What to produce: Leave every picture behind and copy the rest of the entries below exactly.

*** Exercise input ***

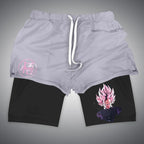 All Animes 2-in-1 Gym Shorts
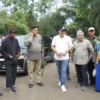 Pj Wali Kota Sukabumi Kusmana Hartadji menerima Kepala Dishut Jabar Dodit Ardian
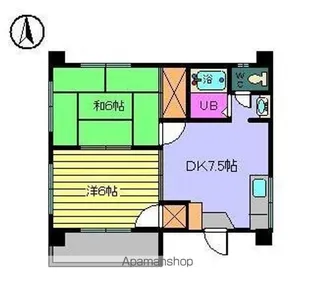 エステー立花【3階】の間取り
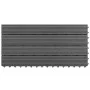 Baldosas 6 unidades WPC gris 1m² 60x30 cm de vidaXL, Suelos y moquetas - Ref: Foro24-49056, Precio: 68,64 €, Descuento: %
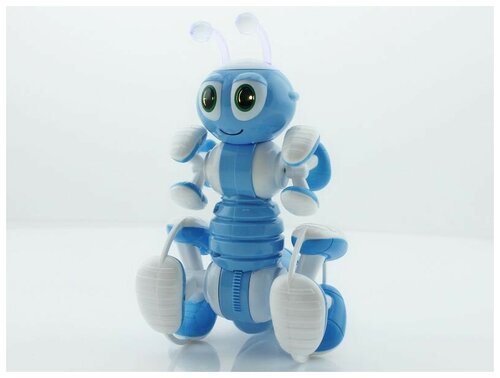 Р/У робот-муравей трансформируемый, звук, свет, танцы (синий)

*** End of Exercise input ***

Answer space:
 All Animes 2-in-1 Gym Shorts
 Pj Wali Kota Sukabumi Kusmana Hartadji menerima Kepala Dishut Jabar Dodit Ardian
 エステー立花【3階】の間取り
 Baldosas 6 unidades WPC gris 1m² 60x30 cm de vidaXL, Suelos y moquetas - Ref: Foro24-49056, Precio: 68,64 €, Descuento: %
 Р/У робот-муравей трансформируемый, звук, свет, танцы (синий)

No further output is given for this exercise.